Minimum exmaples to reproduce this issue
Cargo.toml
[dependencies]
candle-core = { git = "https://github.com/huggingface/candle", default-features = false,features = ["accelerate","metal"] }
candle-nn = { git = "https://github.com/huggingface/candle", default-features = false,features = ["accelerate","metal"] }
main.rs
use candle_core::{DType, Device, Result, Tensor, D};
fn main() -> Result<()> {
let dev = Device::new_metal(0)?;
let dtype = DType::BF16;
let batch = 1usize;
let num_heads = 12usize;
let head_dim = 1536 / num_heads;
let seq_len = 8192usize;
let total_len = seq_len;
let bh = batch * num_heads;
let q_flat = Tensor::randn(0f32, 1f32, (bh, seq_len, head_dim), &dev)?.to_dtype(dtype)?;
let k_tiled = Tensor::randn(0f32, 1f32, (bh, head_dim, total_len), &dev)?.to_dtype(dtype)?;
let v_flat = Tensor::randn(0f32, 1f32, (bh, total_len, head_dim), &dev)?.to_dtype(dtype)?;
let use_mask = true;
let mask = if use_mask {
Some(Tensor::randn(0f32, 1f32, (batch, 1, seq_len, total_len), &dev)?.to_dtype(dtype)?)
} else {
None
};
for _layer in 0..32 {
let mut scores = q_flat.matmul(&k_tiled)?;
let scale = 1.0f64 / (head_dim as f64).sqrt();
let scale_tensor = Tensor::full(scale as f32, (), scores.device())?.to_dtype(dtype)?;
scores = scores.broadcast_mul(&scale_tensor)?;
if let Some(mask) = &mask {
let expanded = mask
.expand((batch, num_heads, seq_len, total_len))?
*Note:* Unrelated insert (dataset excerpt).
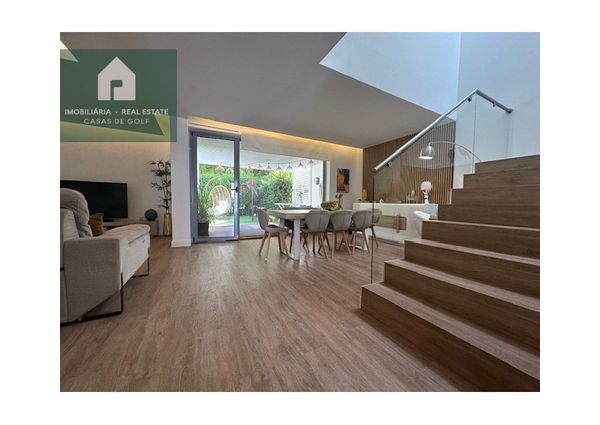 Moradia T3 em Setúbal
.reshape((bh, seq_len, total_len))?;
scores = scores.add(&expanded)?;
}
let probs = candle_nn::ops::softmax(&scores, D::Minus1)?;
let _ctx = probs.matmul(&v_flat)?;
}
dev.synchronize()?;
Ok(())
}
Whats changed
This PR introduces a simple allocation policy for the Metal backend so that, once a configurable amount of new buffer memory has been allocated, we automatically synchronize and trim the reuse cache, giving the existing Metal buffer pooling a chance to recycle large temporaries and preventing runaway memory growth.
Look @pcuenca, it's the power of open source ✨ (Ref pointing out the memory spikes just the other day☺️)
This looks good to me. Just want to try it out in various contexts first :)
Indeed, I saw several softmax buffers when checking with Instruments!
It might be that sysctl_usize behaves correctly in all cases, if you want to get rid of the u64 -> usize conversions. Worth trying.
Btw, I can't guarantee the code I provided via the review is completely correct. It's all freehand :)
It might be that
sysctl_usizebehaves correctly in all cases, if you want to get rid of theu64 -> usizeconversions. Worth trying. Btw, I can't guarantee the code I provided via the review is completely correct. It's all freehand :)
Thanks for catching that. I'll look into removing those u64 to usize conversions first thing tomorrow. It's 8 AM here and I need to get some sleep, so I'd rather tackle this with a fresh mind.
I did a quick test, this is what I saw:
- The memory profile is much better behaved on macOS. This is what it looks like running Stable Diffusion:
The last spike is the VAE decoding phase; it's normal that memory grows. Memory is ~stable during the UNet forward steps. However, it increases a bit each step. This could point to some memory leak somewhere (including my test code).
- On iOS, I'm seeing deadlocks again. This may be a regression after the fixes in #3164 (not necessarily from this PR, I didn't check)
- I think we need to add
dep:libctocandle-core/Cargo.tomlfor themetalfeature.
I think we can merge this PR if we can determine that the iOS regression was introduced elsewhere; I'll run some more tests about that.
I think we need to add dep:libc to candle-core/Cargo.toml for the metal feature.
Rust std depends libc, so it's only when you're working with no_std targets that you would have to manually add the libc dependency (interesting situation where you both want no_std and libc, but it has probably happened plenty of times in the wild).
@TimmyOVO we haven't forgotten about you! :)
@pcuenca has been swamped recently so he hasn't had time to look into the issue he detected. Once he has time and we figure out the issue (if there is one) this will get merged asap
it's only when you're working with
no_stdtargets that you would have to manually add thelibcdependency
Also I this is a big fat lie. The actual answer is that all these changes are in candle-core which already has the libc dependency.